Völzke Christina, Ehrhardt Lisa, Fischer Laura, Maul Peter, Wenzel Carina, Riabinska Arina, Criado-Moronati Elvira, Dienstbier Mike, Hassel Jessica, Zhang Danmei, Haanen John B, Handgretinger Rupert, Hardy Ian R, Heemskerk Bianca, Dzionek Andrzej
Research and Development, Miltenyi Biotec, Bergisch Gladbach, Germany.
Heidelberg University, Medical Faculty Heidelberg, Department of Dermatology and National Center for Tumor Diseases (NCT), NCT Heidelberg, a partnership between DKFZ and University Hospital Heidelberg, Heidelberg, Germany.
Front Immunol. 2024 Dec 9;15:1483254. doi: 10.3389/fimmu.2024.1483254. eCollection 2024.

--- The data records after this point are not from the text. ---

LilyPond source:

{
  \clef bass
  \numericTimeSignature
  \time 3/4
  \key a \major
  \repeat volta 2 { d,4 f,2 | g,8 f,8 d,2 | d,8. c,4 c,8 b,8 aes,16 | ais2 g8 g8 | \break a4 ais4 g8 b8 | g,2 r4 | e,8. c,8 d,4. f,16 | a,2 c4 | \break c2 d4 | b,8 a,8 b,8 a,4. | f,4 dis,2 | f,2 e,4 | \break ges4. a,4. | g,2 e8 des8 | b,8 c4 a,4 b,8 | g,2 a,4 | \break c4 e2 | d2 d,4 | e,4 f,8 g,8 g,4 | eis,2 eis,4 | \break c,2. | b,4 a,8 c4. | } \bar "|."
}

Recent studies have revealed the potential of tumor-infiltrating lymphocytes (TILs) to treat solid tumors effectively and safely. However, the translation of TIL therapy for patients is still hampered by non-standardized and laborious manufacturing procedures that are expensive and produce highly variable cellular products. To address these limitations, the CliniMACS Prodigy Tumor Reactive T cell (TRT) Process has been developed. The TRT Process allows the automated isolation, transduction, and expansion of tumor-reactive T cells in a clinically compliant and closed system under GMP conditions. The TRT Process can generate tumor-reactive T cells using several methodologies which reflect clinically relevant applications. It can manage an automated Rapid Expansion Protocol (REP) using GMP-compliant reagents to generate a TIL cell product from solid tumors, including melanoma. Additionally, the TRT Process automates the closed selection of CD137-expressing TILs directly from tumor digest followed by the direct expansion of selected cells. Enriched CD137 TILs could be robustly expanded even when as few as 1x10 TILs were used to seed the REP phase. These data provide proof-of-concept for the isolation and expansion of tumor-reactive T cells from tumor digest in a closed, automated manner in the CliniMACS Prodigy, allowing for an efficient, simple, and reproducible manufacturing of TIL products. The direct selection of CD137 TILs from tumor digest removes the need for the pre-REP phase, selects for therapeutically relevant cells, and can dramatically shorten the manufacturing time compared to conventional methods.
最近的研究揭示了肿瘤浸润淋巴细胞(TILs)有效且安全地治疗实体瘤的潜力。然而,TIL疗法在患者中的应用仍受到非标准化且繁琐的制造程序的阻碍,这些程序成本高昂且会产生高度可变的细胞产品。为了解决这些限制,已经开发了CliniMACS Prodigy肿瘤反应性T细胞(TRT)工艺。TRT工艺允许在符合GMP条件的临床合规且封闭的系统中自动分离、转导和扩增肿瘤反应性T细胞。TRT工艺可以使用多种反映临床相关应用的方法来生成肿瘤反应性T细胞。它可以使用符合GMP标准的试剂管理自动化快速扩增方案(REP),以从包括黑色素瘤在内的实体瘤中生成TIL细胞产品。此外,TRT工艺可直接从肿瘤消化物中自动封闭选择表达CD137的TILs,然后直接扩增所选细胞。即使在REP阶段接种的TILs少至1×10时,富集的CD137 TILs也能得到强劲扩增。这些数据为在CliniMACS Prodigy中以封闭、自动化的方式从肿瘤消化物中分离和扩增肿瘤反应性T细胞提供了概念验证,从而实现了TIL产品的高效、简单且可重复的制造。从肿瘤消化物中直接选择CD137 TILs无需预REP阶段,选择了具有治疗相关性的细胞,并且与传统方法相比可以显著缩短制造时间。